Collected data entries:

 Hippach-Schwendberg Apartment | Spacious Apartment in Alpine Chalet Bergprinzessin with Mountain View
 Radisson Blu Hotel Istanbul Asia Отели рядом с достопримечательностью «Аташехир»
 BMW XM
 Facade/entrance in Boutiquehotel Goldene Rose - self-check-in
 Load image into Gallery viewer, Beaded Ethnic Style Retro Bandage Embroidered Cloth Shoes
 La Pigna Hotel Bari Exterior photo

TASK INSTRUCTIONS - Only the lines from the one holding "Facade/entrance in Boutiquehotel" through the final line of the entries, both included, should be given again, word for word.

ANSWER SECTION -
 Facade/entrance in Boutiquehotel Goldene Rose - self-check-in
 Load image into Gallery viewer, Beaded Ethnic Style Retro Bandage Embroidered Cloth Shoes
 La Pigna Hotel Bari Exterior photo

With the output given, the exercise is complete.